Maybe I possibly solved my livestock guardian issue. A neighbor recommended getting a llama, as did the guy who I bought my goats and horse from, who keeps llamas for guarding purposes. I bought one of his(my favorite of them all actually) Its great because this llama is already well acquainted with my goats and horse and is already quite familiar with my kids and myself as we have often visited with him in the past. I have done lots of research on them as I do with any type of animal I bring home and think he will be the right fit here. However I don't understand how he can defend the herd against a coyote and would worry he could get hurt, but the guy I bought him from said it is not a issue and that the Llama is very capable of taking care of himself. In the meantime I am going to see how this works out, but if I end up finding myself ill at ease about the coyote population, I will focus back on my search for a good LGD as I am definitely not ruling out a Pyr.


----------



## JasoninMN (Feb 24, 2006)

You can do whats often called "boundary" training with dogs so they don't go past a certain point. I have done this with every pet dog I have ever owned and it has worked well. What you need to do is walk the perimeter of your property with the dog so it starts getting an understanding of where its boundaries lie. You need to determine a line the the dog will make an easy association with, like a tree line, ditch fence line, utility po0les etc. on each side of the property. It may no be the property line, but it has to be something that marks a line for the dog so make an association with. So the next step is every time the dog crosses the boundary you correct it and make it come back to the right side of the line. Eventually it will catch on to were its allowed to go and once they do they learn it they are pretty dependable. What you have working against you is you have two dogs which are more inclined to roam and follow one another then a single dog. Also they are adults, a puppy is easier. The reason it works with labs, German shepherds etc is they are bred to obey commands and work closely with people.

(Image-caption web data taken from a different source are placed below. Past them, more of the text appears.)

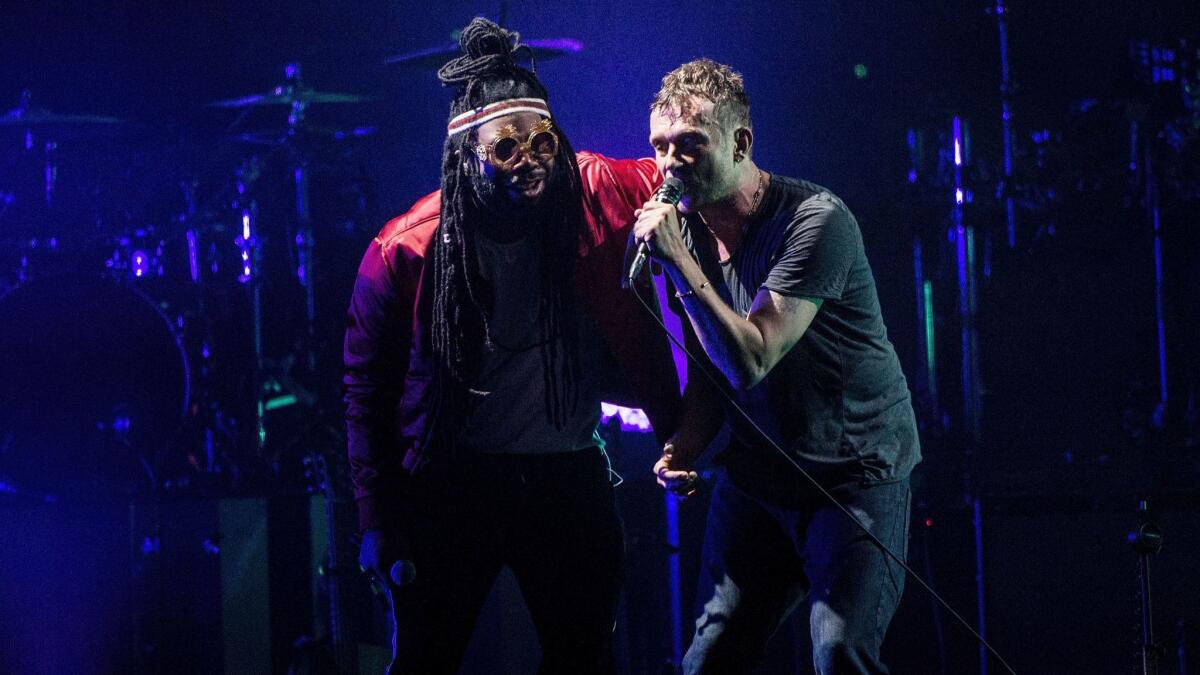 D.R.A.M., left, and Damon Albarn perform with Gorillaz on Thursday night at the Forum.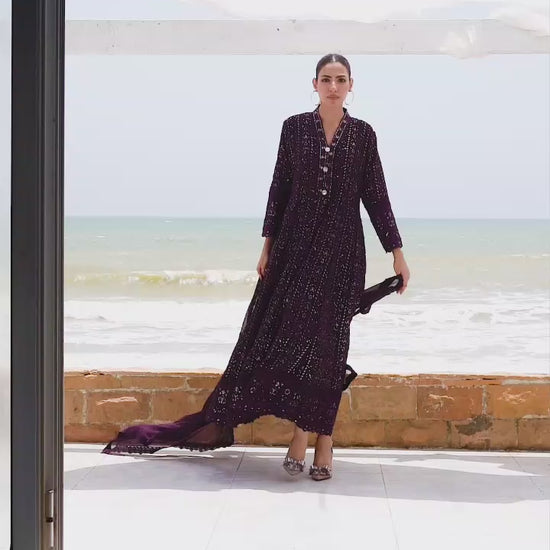 Model showcasing dark purple embroidered maxi dress with graceful twirls and close-up details of hand embroidery.
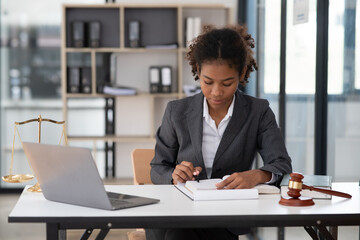 Lawyers Asiawoman   having through online Concepts  of Legal services at the law office.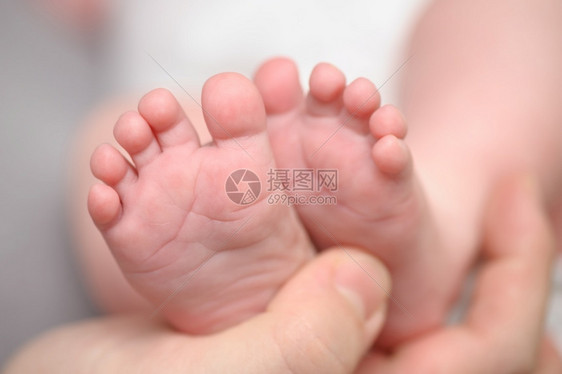 母亲双手握着新生儿小脚大型闭合选择焦点大型关头选择焦点产假星光脚趾图片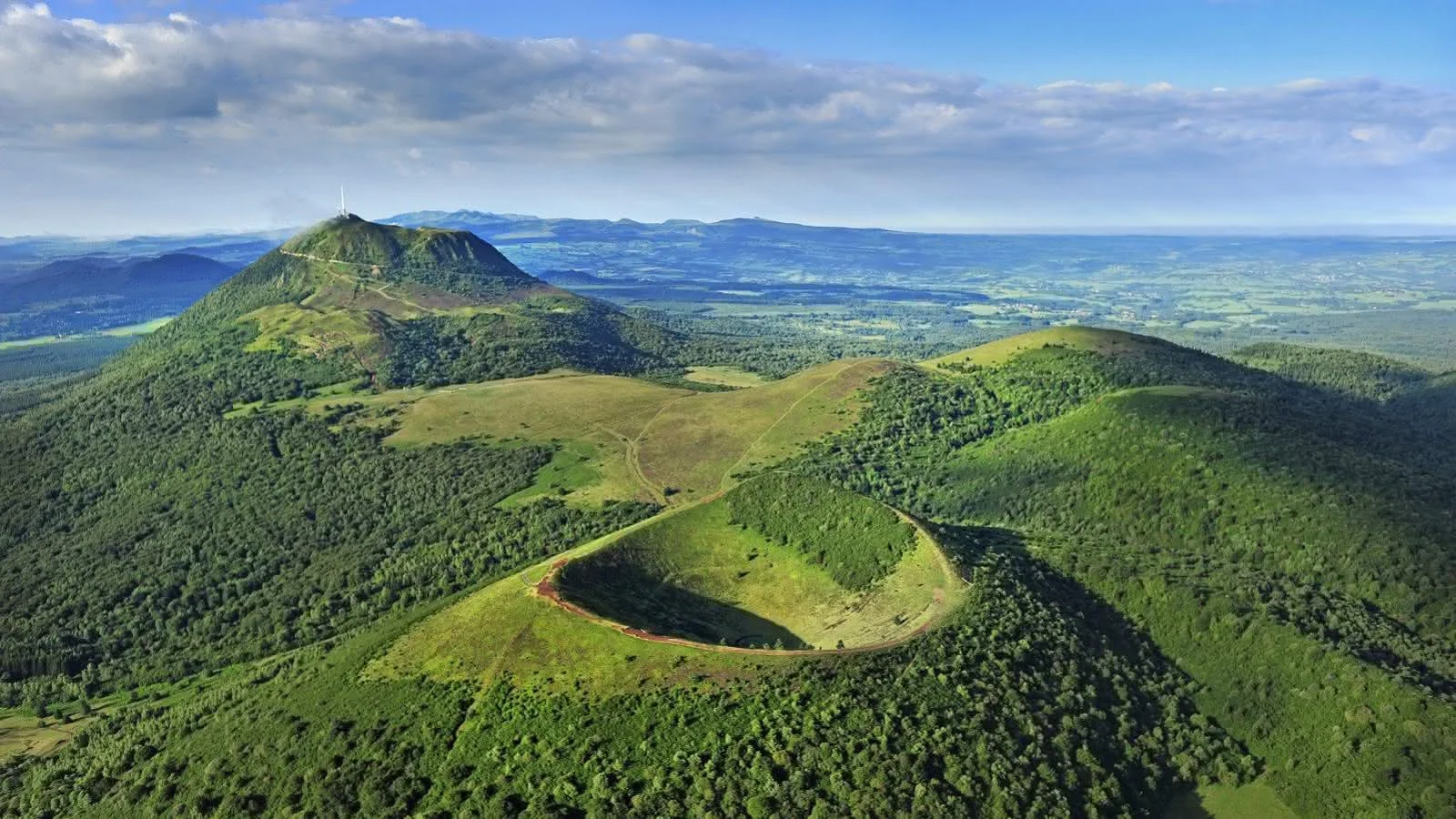 Aerial view of a lush green mountain landscape with winding trails and a hilltop tower under a partly cloudy sky.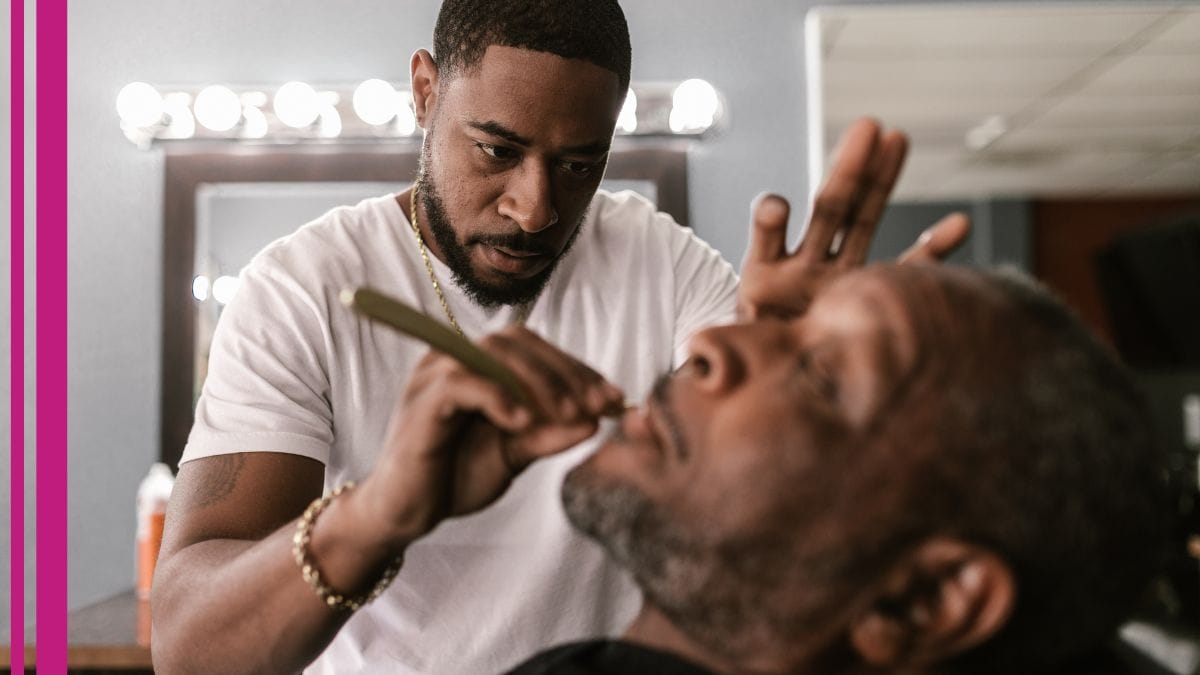 A barber works on his client's beard carefully with barber liability insurance in his back pocket.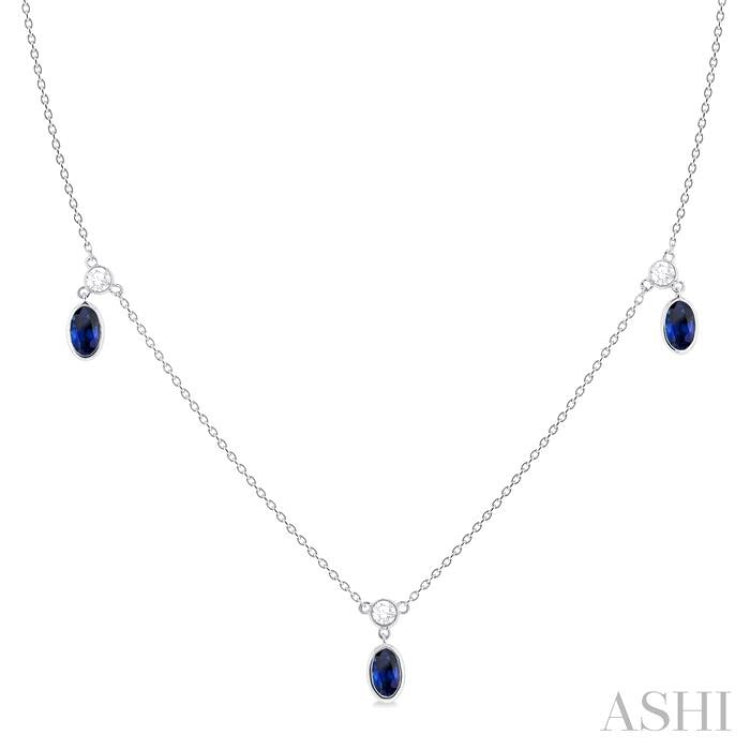 5x3 MM Oval Shape Sapphire and 1/8 Ctw Round Cut Diamonds Precious Station Necklace in 10K White Gold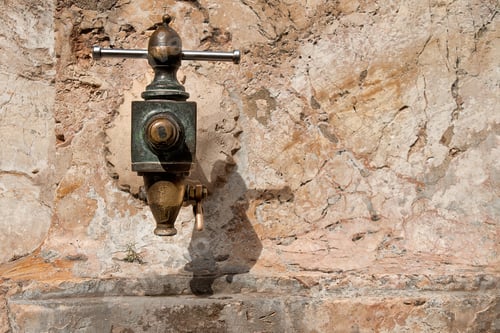 Preview: vintage metal water tap close up in street of Tarragona, Spain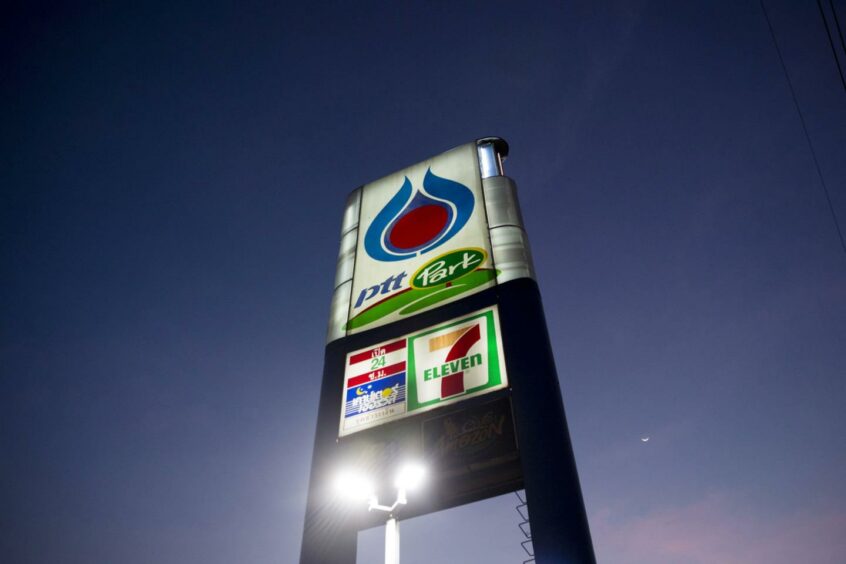 Signage for a PTT Pcl gas station stands illuminated in Bangkok, Thailand, on Thursday, Feb. 11, 2016.  Photographer: Brent Lewin/Bloomberg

LGDs are bred to be independent workers and roam vast territories so I would no try it with one. Google "boundary training for dogs."


----------



## Batt (Sep 8, 2006)

^^^ What JasoninMN said ^^^ Until they have the idea, you have to walk the lines with them and correct them EVERY TIME they cross the line. Really doesn't take that long but at first you need to do it every day. In my case, I needed the excercise anyway.


----------



## BarbadosSheep (Jun 27, 2011)

My pit bull set her own boundries. I am not quite sure how she did such a great job either. We have a small pond maybe 400' from our house. It's outside of her invisible boundry so Bailey never, ever goes there unless WE go and invite her to come along. She LOVES that pond yet has never gone there without us. And when I walk next door to my daughter's house, there is an invisible line that Bailey won't cross unless I call her to cross it. Her boundry seems to be a 100' radius around the house.


----------



## Looking4ewes (Apr 30, 2006)

I've used a guard llama with good results for several years. Now that my flock numbers have grown, I have added a guard dog. IMO, my llama could protect about 30 head of sheep. More than that, I thought it was too much to ask. The llama guards by intimidation and will actively pace the perimeter, and squeel when under direct threat. A llama can become quickly outnumbered by a pack of coyotes/dogs. 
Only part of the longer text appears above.